Ionizing radiation induces epithelial-mesenchymal transition in human bronchial epithelial cells

Ionizing radiation induces EMT. FN1 may be involved in the progression of EMT and could serve as a potential biomarker for this process.

RNA-seq transcriptomics was used to determine gene expression in blood samples from radiation-exposed workers followed by bioinformatics analysis. Normal bronchial epithelial cells (16HBE) were irradiated for different durations and subjected to immunofluorescence, Western blotting, scratch healing, and adhesion assays to detect the progression of EMT and its underlying molecular mechanisms.

The present study aimed to analyze the mechanism by which long-term occupational exposure of workers to low-dose ionizing irradiation induces epithelial-mesenchymal transition (EMT) of the human bronchial epithelial cells using transcriptome profiling.

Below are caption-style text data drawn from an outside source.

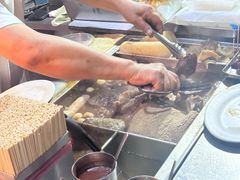 -明记牛杂(新马路分店)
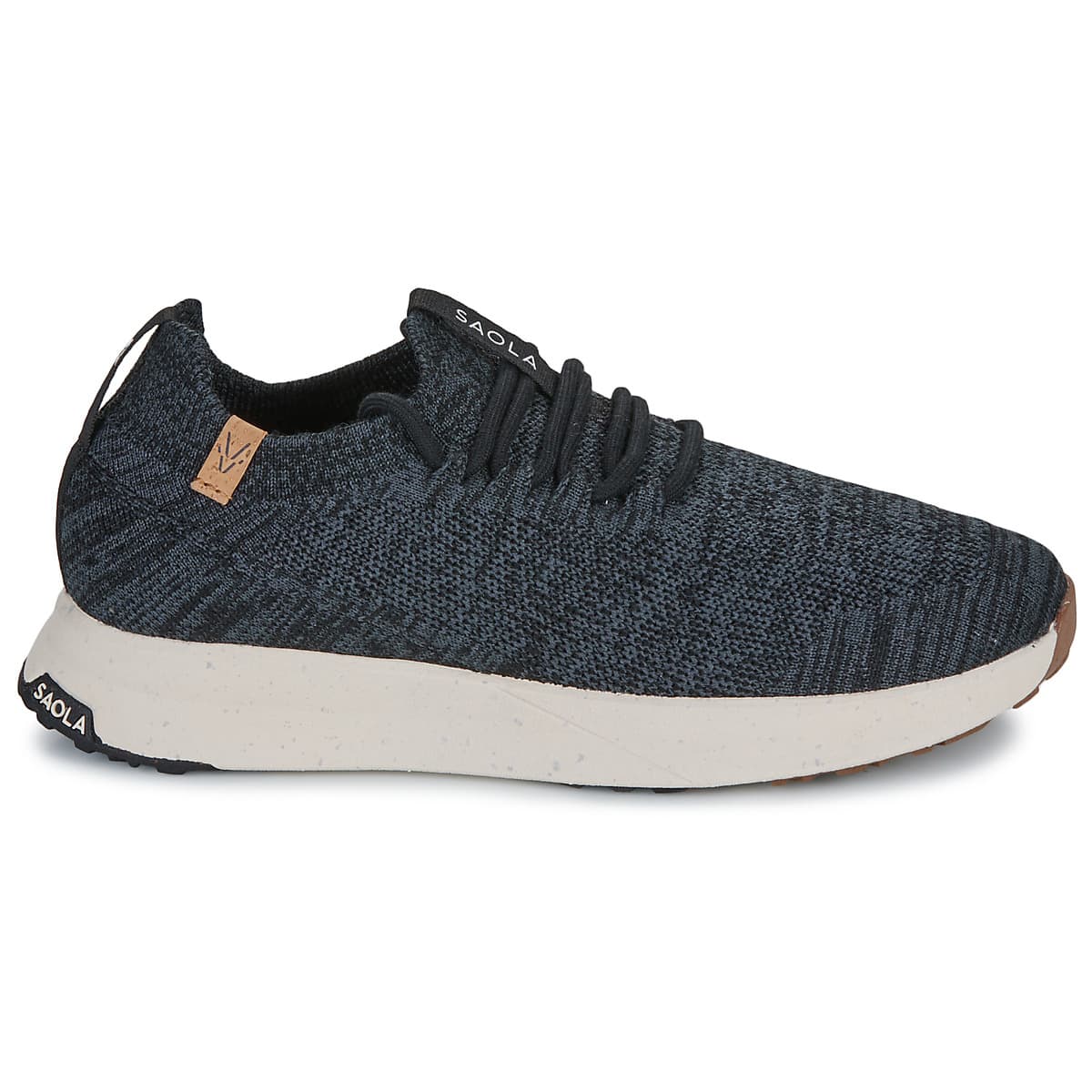 Women's Sneakers Saola Gray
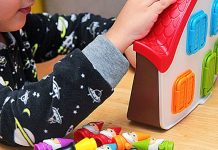 apprendre les mathématiques en s'amusant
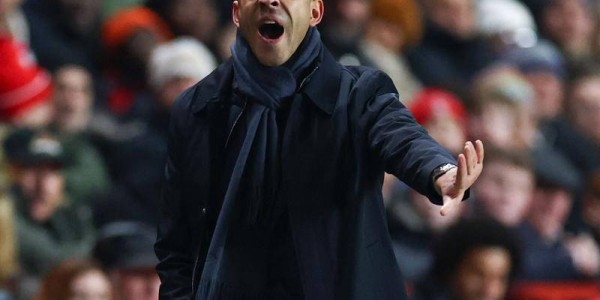 三队迎大礼掀起争五大战，切尔西率先亮相，曼联欧冠前景稳固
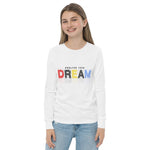 Youth long sleeve tee - Cool Tshirts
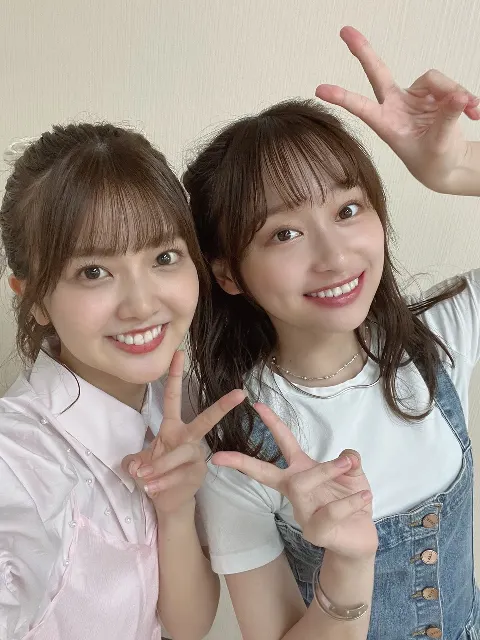 山下 葉留花｜溢れる想い 山下葉留花（2023-07-27）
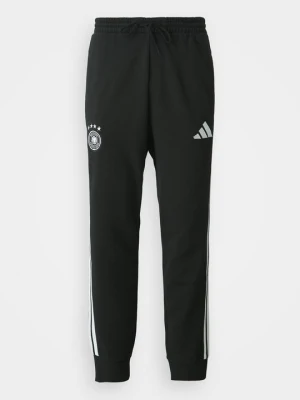 Spodnie dresowe Adidas czarny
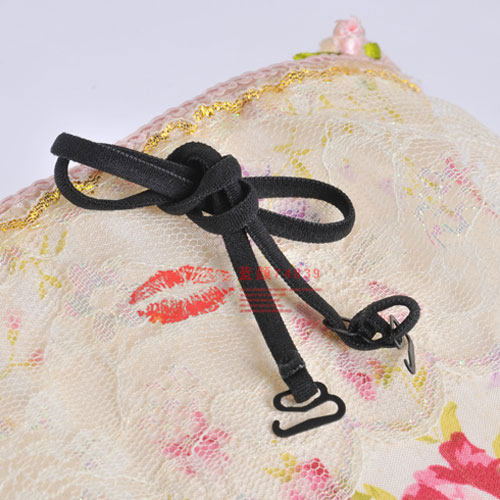 Sangles pour lingerie - Ref 816259 Image 8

Transcriptomics revealed that exposure to ionizing radiation led to changes in the expression of genes related to EMT, immune response, and migration. At increased cumulative doses, ionizing radiation-induced significant EMT, as evidenced by a gradual decrease in the expression of E-cadherin, increased vimentin, elevated migration ability, and decreased adhesion capability of 16HBE cells. The expression of fibronectin 1 (FN1) showed a gradual increase with the progression of EMT, and may be involved in EMT.